To this point in your object-oriented design work, you have been considering the design of classes mostly in isolation. When you move to the development of larger software systems those skills need to be expanded. You need to begin considering how classes effect other classes, and how they interact with each other. There are a number of principles that have been put forward for quality object-oriented designs. We will discuss object-oriented design in more detail in two lessons. Each lesson will focus on design principles from the two sets of principles known as SOLID and GRASP (General responsibility assignment software patterns/principles). This first lesson will also cover the Law of Demeter.
This lesson will look at these principles:
Single responsibility (SOLID)
Open/Closed (SOLID)
Dependency inversion/injection (SOLID)
Controller (GRASP)
Information expert (GRASP)
Low coupling (GRASP)
Pure Fabrication (GRASP)
Law of Demeter
Learning Outcomes
Describe the principles: Single responsibility, Dependency inversion/injection
Give an example of a design that observes the single responsibility principle and one that does not.
Explain how dependency injection is helpful for testing
Explain why low coupling and high cohesion are principles in tension with each other
Explain the Law of Demeter and why violations of the law increase the coupling in a system
Explain how the Information expert design principle enforces behavior follows data
Analyze an object-oriented software design for adherence to these design principles.
Study Resources
For your study of this topic, use these resources.
Learning S.O.L.I.D. Programming Principles by Steven Lott available on lynda.com through the RIT library. The examples are in Python but the principles still hold.
(3:12)
(3:58)
(up to 4:00) - Ignore Adapter pattern reference for now
(5:31)
Overview of the SOLID Principles (3:26) from Learning S.O.L.I.D. Programming Principles available through the RIT library gives a general introduction to the principles. The examples are in Python but the principles still hold
GRASP Patterns (5:20) from Learning S.O.L.I.D. Programming Principles. Gives a general introduction to the principles. The examples are in Python but the principles still hold.

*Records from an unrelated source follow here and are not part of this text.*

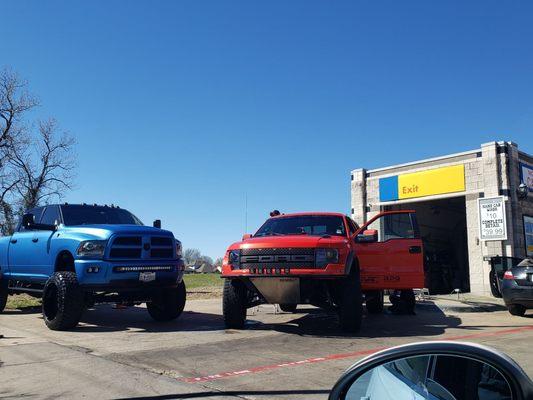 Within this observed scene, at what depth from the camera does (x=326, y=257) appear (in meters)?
8.20

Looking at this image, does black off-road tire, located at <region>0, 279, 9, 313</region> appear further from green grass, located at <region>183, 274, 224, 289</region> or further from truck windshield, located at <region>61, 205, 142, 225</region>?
green grass, located at <region>183, 274, 224, 289</region>

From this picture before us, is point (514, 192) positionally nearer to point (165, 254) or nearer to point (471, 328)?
point (471, 328)

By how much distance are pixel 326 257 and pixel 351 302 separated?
2.89ft

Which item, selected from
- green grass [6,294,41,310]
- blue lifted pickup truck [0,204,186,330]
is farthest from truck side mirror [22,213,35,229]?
green grass [6,294,41,310]

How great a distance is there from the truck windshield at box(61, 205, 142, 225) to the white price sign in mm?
13231

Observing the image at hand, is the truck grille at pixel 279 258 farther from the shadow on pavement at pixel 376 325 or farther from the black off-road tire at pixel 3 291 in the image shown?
the black off-road tire at pixel 3 291

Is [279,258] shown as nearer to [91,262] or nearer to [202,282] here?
[91,262]

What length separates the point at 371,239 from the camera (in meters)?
9.19

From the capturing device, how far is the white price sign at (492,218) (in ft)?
61.0

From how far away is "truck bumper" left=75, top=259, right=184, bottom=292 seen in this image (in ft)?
29.0

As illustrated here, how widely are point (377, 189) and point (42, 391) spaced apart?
19848mm

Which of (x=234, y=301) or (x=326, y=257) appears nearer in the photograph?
(x=326, y=257)

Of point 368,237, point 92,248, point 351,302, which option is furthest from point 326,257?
point 92,248

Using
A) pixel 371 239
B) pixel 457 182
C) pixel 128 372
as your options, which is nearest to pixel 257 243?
pixel 371 239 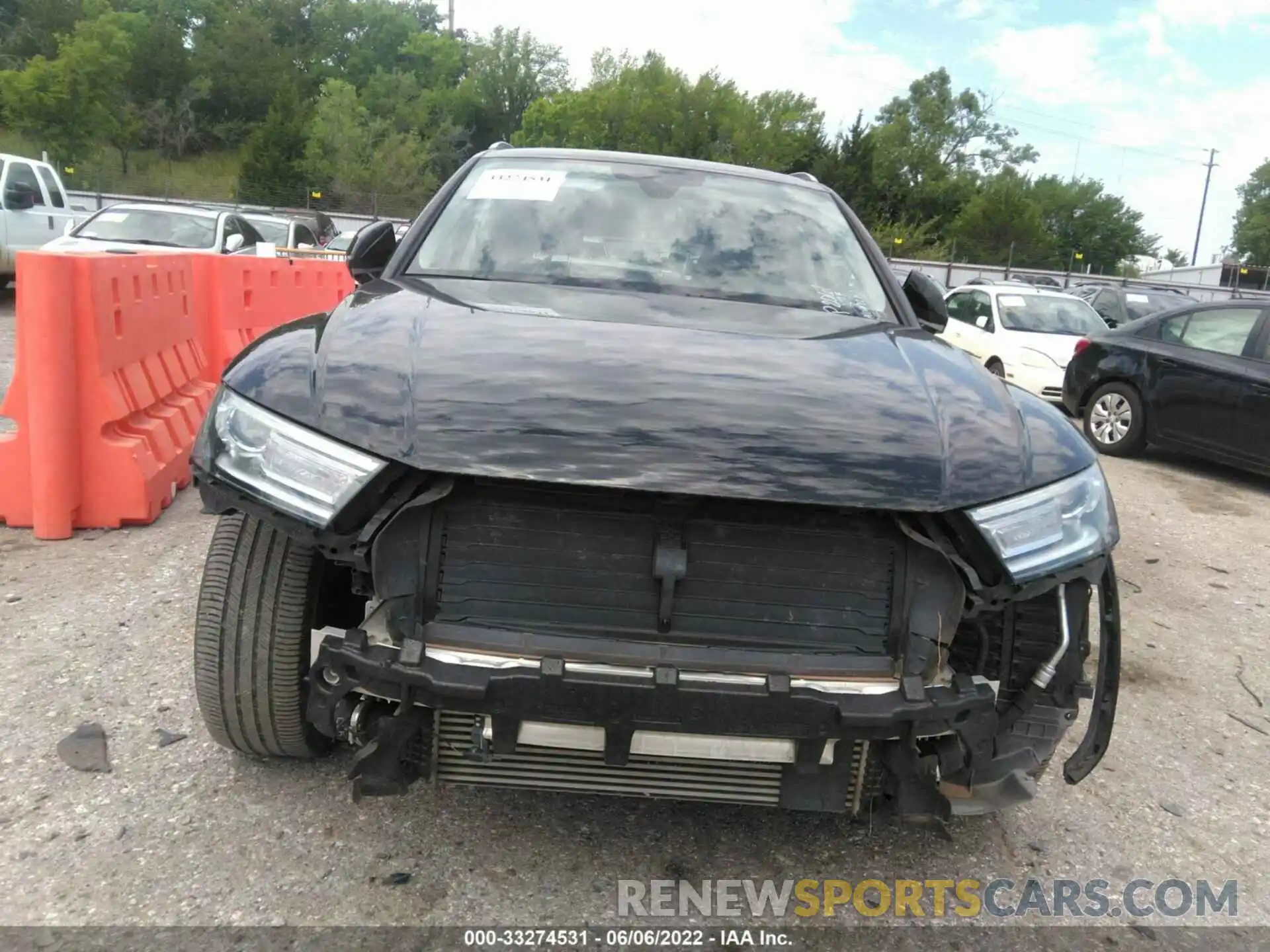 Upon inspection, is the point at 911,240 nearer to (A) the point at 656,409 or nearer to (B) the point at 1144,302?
(B) the point at 1144,302

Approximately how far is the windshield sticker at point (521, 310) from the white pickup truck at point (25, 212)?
41.0ft

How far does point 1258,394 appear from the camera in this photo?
25.5ft

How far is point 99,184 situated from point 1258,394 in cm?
3908

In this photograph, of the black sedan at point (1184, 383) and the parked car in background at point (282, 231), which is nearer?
the black sedan at point (1184, 383)

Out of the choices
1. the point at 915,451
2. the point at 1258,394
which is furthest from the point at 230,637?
the point at 1258,394

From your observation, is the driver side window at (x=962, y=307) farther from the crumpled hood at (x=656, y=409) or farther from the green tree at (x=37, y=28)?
the green tree at (x=37, y=28)

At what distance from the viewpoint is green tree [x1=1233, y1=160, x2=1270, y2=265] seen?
260 ft

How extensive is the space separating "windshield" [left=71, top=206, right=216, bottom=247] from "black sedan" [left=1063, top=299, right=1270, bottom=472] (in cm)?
966

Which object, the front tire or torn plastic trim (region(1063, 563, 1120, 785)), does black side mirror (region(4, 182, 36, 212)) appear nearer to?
the front tire

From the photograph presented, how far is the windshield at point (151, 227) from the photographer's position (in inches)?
428

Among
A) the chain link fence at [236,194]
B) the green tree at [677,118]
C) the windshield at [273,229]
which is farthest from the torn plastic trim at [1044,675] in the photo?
the green tree at [677,118]

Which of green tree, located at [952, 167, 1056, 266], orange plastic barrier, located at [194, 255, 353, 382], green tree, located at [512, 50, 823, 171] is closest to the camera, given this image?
orange plastic barrier, located at [194, 255, 353, 382]

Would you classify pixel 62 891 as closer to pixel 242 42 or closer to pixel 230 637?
pixel 230 637

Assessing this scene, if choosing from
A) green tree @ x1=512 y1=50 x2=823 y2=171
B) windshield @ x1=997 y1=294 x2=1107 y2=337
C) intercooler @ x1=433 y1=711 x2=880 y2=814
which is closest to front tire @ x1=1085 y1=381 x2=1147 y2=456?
windshield @ x1=997 y1=294 x2=1107 y2=337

Beginning SOLID Principles and Design Patterns for ASP.NET Developers by Bipin Joshi available on O'Reilly
Chapter 2 - SOLID Principles as well as the links to its sections Single Responsibility Principle (SRP), and Dependency Inversion Principle (DIP) Only (SRP),(LSP) and (DRP) for now
The completion of this exercise may be delayed until just before you complete your implementation of the Elaboration phase user stories. The team should look to complete this soon rather than leaving things until the last minute. Make sure to keep track of this work to not have it surprise you when it is shown as due in the schedule.
For this exercise, you will look at the design of your term project in the Elaboration phase considering two of the following principles covered in this lesson.
Single responsibility
Open/Closed
Low coupling
Information expert
Dependency inversion/injection
Law of Demeter
Controller
Pure Fabrication
For each principle, do the following:
Describe how the principle is applied in your design
Suggest improvements to your current design to get better adherence to the principle
This is an individual exercise. Across the team, each of the design principles above must be covered at least once by some team member, but none should be covered by more than two team members.
Your discussion of each principle should be one to two pages including any UML class structure diagrams that will be helpful to your explanation. Be sure to review the Static UML Review Sheet to ensure your class diagrams are using correct format and syntax.
By the date specified in your section's schedule, submit a Word or PDF file to the myCourses Assignments folder, Object-oriented design - individual, in the Exercises section.